Le point de départ de « Chagrin" est une nouvelle écrite par l’artiste, "Avant que les champs ne brûlent", dans laquelle il imagine l’histoire d’un couple homosexuel accusé à tort d’être responsable d’une sécheresse. Emprunt de multiples références cinématographiques — des westerns futuristes « Interstellar" (Christopher Nolan, 2014) ou la série « Westworld" — le village qu’il dépeint, au milieu des champs de maïs, devient le théâtre contemporain de la violence et du deuil, entre homocide et écocide.
Dans "Je brûle pour toi", 2024 et "À tes risques et périls, 2024", il recompose par bribe les éléments du décor : la façade des maisons en bois brunies par le temps, l’enseigne du troquet, l’interphone et la boîte aux lettres, dans lesquels il dissémine des messages de menace ou d’amour.

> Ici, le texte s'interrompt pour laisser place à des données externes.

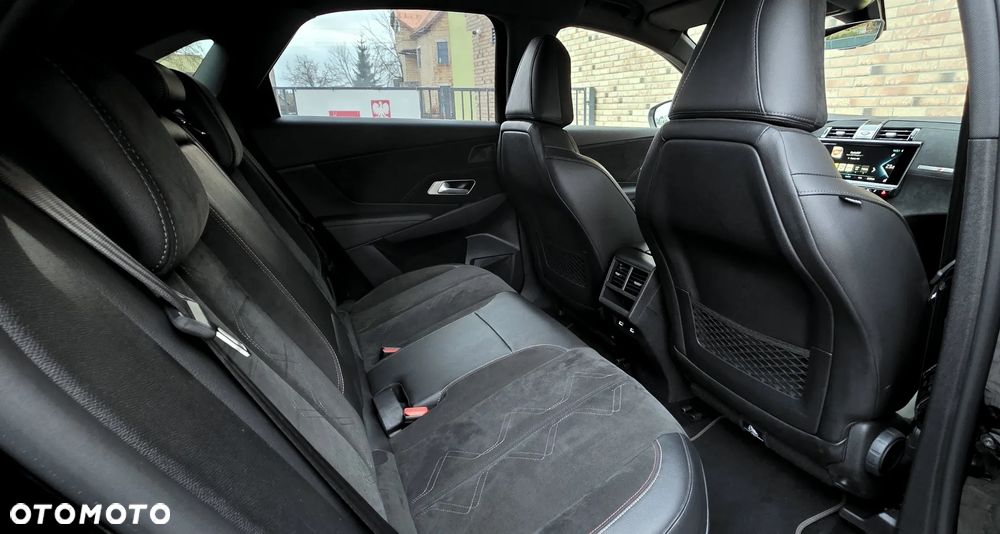 DS Automobiles DS 7 Crossback 1.6 E-Tense Performance Line + - 12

Par ce recours, il croise l’esthétique des slashers états-uniens des années 1990 à l’ambiance cheesy des romances d’amour, et permet l’accentuation de la tension dramatique par palier. Au fil des toiles incrustées, dans de petites fenêtres ou entre les planches d’une grange ("Première poignée de terre", 2024), on peut apercevoir des séquences de la vie des deux amants : étreinte, sommeil, attaque, larme et funérailles. Par ces courts aperçus, l’artiste interroge le voyeurisme qui se déploie dans l’expérience de l’observation, questionnant les rapports cathartiques entre le spectateur et l’image.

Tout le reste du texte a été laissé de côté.